History is written by the winners, or so they say. It’s an often-forgotten side of East Asian history, though, that North Korea wasn’t always seen as a ‘loser’.

The centrally planned North Korean economy, in fact, matched its southern counterpart right into the 70s, fuelled by support from the communist block. The culture of the post-war country has been a repressive one since the drawing of the 39th parallel, but the ideology has stuck fast, with the Democratic People’s Republic of Korea’s increasing isolation enabling it to create and maintain its own very distinct view on the past 70 years. The North Korean take on history is an unavoidable party line in Pyongyang. It’s given little credence elsewhere, but this hasn’t stopped them producing English language books for tourists, proclaiming their version of history. Before we take a look at these glimpses into the North Korean perspective however, it’s worth looking at the literature more typically available.

There are plenty of books that explore North Korea from a western perspective, and others from the perspective of those who have run from the Kim regime. Some of them are fantastically insightful. Kang Chol Hwan’s The Aquariums of Pyongyang gives a rare account of a North Korean escaping from the notorious gulags. Jang Jin Sung’s Dear Leader comes from another angle, charting the life of a high-ranking, high-society Pyongyang resident and his fall from grace in the ministry of information, and eventual escape.

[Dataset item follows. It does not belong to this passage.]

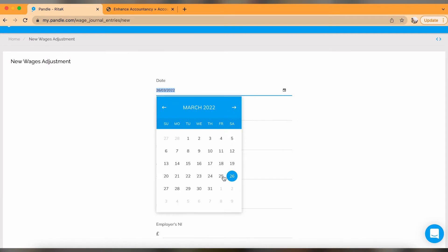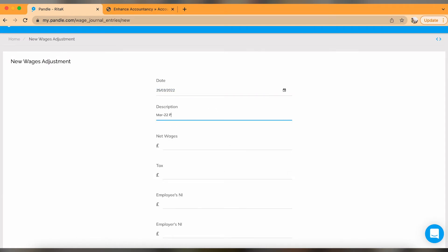Another weak point of Pandle accounting software is payroll. You will be unable to create payroll reports on Pandle and submit them directly to HMRC — you will need to use one of the multiple free payroll software options available. However, there is a journal template in Pandle that you can use to post your wages journal, and it is easy and straightforward, guiding you on what amounts need to be entered.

In Park Yeon Mi’s In Order To Live, the complexities of escape are explored in an intensely personal and harrowing tale, while The Cleanest Race: How North Koreans See Themselves And Why It Matters (B.R. Myers) gives a brief but startling insight into the North’s ‘Juche’ (self-reliance) worldview.

Most takes on this hermit kingdom focus more on presenting personal perspectives than on reproducing the broader North Korean view, however, and that’s where Pyongyang’s Foreign Languages Publishing House come in. Their English language texts, on sale to tourists who visit the isolationist corner of Asia, set out how North Korea views the world.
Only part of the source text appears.